The company also announced CMS as its top-performing panel firm for 2021, meeting seven of the eight diversity targets, with CMS and Reed Smith sharing the ‘most innovative firm’ prize for their approach to Microsoft’s law firm diversity programme.
Patricia Wick Christias, assistant general counsel and head of legal at Microsoft UK, said that, after a pilot year in 2020, it invited all firms that did “substantial” work for the company to join the programme this year, which aimed “to support our law firm partners to make progress in diversifying their workforce and recognise them for so doing”.
She reported that the number of hours that diverse employees from CMS spent on Microsoft matters grew 12%, reaching 63%. The overall diversity of CMS’s management committee grew to meet the target of 50%.
The number of female and minority partners grew by 2.4% and 1.4% respectively, which Microsoft described as “promising progress”, with the diversity of the partnership increasing by three percentage points to 42%.
Clive Gringras, Microsoft’s client relationship partner and head of technology, media and telecommunications at CMS, said Microsoft’s “data-driven approach” to the programme “challenges us to be more deliberate in choosing the most diverse team possible”.
The participating practices themselves voted for the most innovative law firm. Reed Smith was singled out for its racial equity action plan, which has set a series of goals around recruitment, retention, leadership and engagement with clients to improve the representation of Black lawyers in the firm.
It is also undertaking pro bono projects designed to positively impact the Black community.
CMS, meanwhile, has set a target of attracting 35% of applications from ethnically diverse applicants by 2023, with the aim of 35% of offers being to these candidates too; the current offer rate is just below 30%.
CMS is also launching a two-year pilot programme in 2022 for ethnically diverse senior associates, including an opportunity to access coaching and mentoring, and to work with a ‘sponsor partner’.
Ms Christias said that though its data showed an upward trend in growth of women partners, committee composition and partner composition, “it reveals minimal or even negative progress for minority partners, Black/Black British partners, Asian/Asian British partners, Mixed Multiple partners, as well as both partner and attorney hours”.

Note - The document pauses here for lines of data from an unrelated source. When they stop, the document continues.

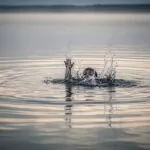 Sonhar com criança se afogando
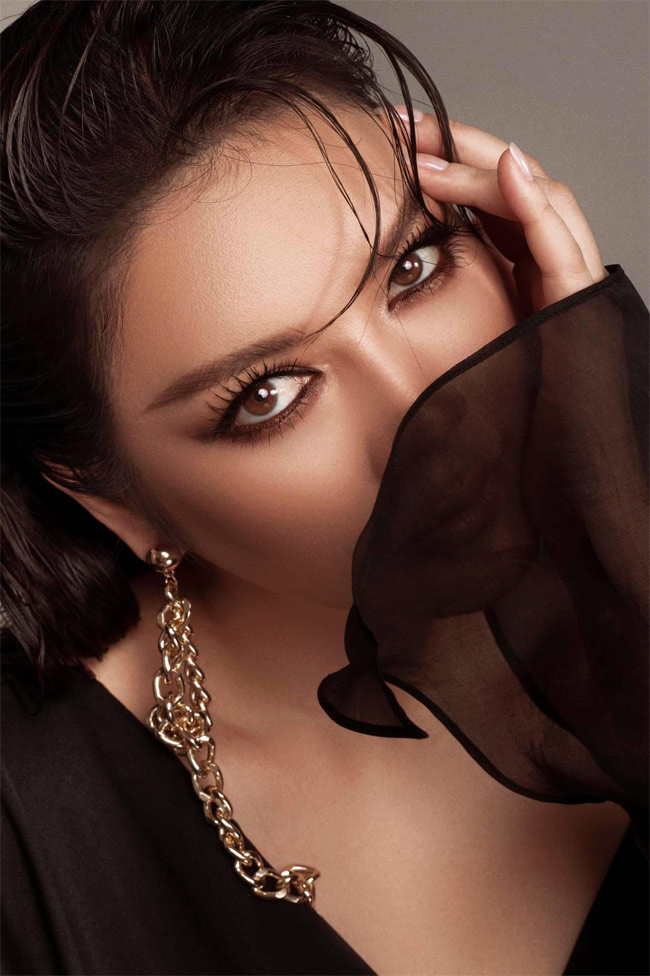 Ánh mắt say đắm của Lý Nhã Kỳ cũng khiến cho bộ sưu tập của Long Ng thêm phần cuốn hút hơn.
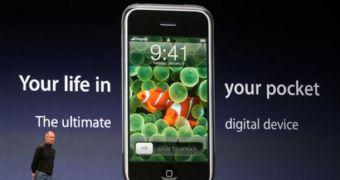 Steve Jobs unveiling the original iPhone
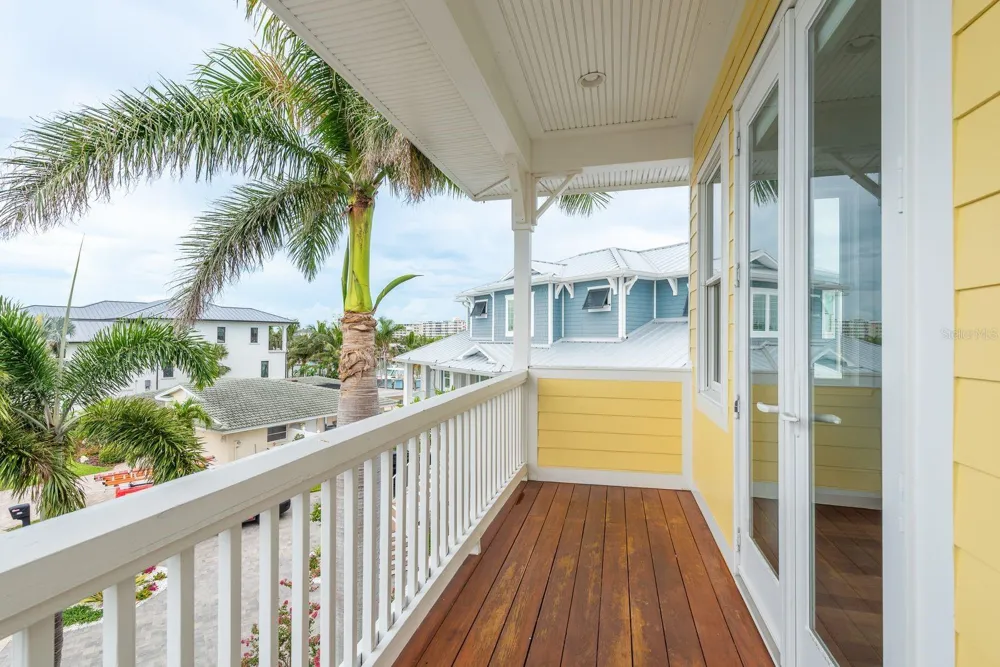 442 MIDWAY ISLAND Clearwater Beach, FL 33767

The financial bonus was one of the measures Microsoft was introduced “to bring even sharper focus to the opportunity ahead to create a more diverse and inclusive legal profession in the UK”.
It is also adding a social mobility target and increasing the diversity targets at partner and committee level.
“In launching the [programme] in the UK, it has been clear to us that even merely gathering diversity data helps our firms to look again at their firm’s talent and identify areas where they can improve their diversity,” Ms Christias said.
The other firms who took part in the programme this year were Mishcon de Reya, Eversheds Sutherland, Wiggin, Covington, Osborne Clarke and intellectual property specialists Page White & Farrer.
The programme began in 2008 in the US.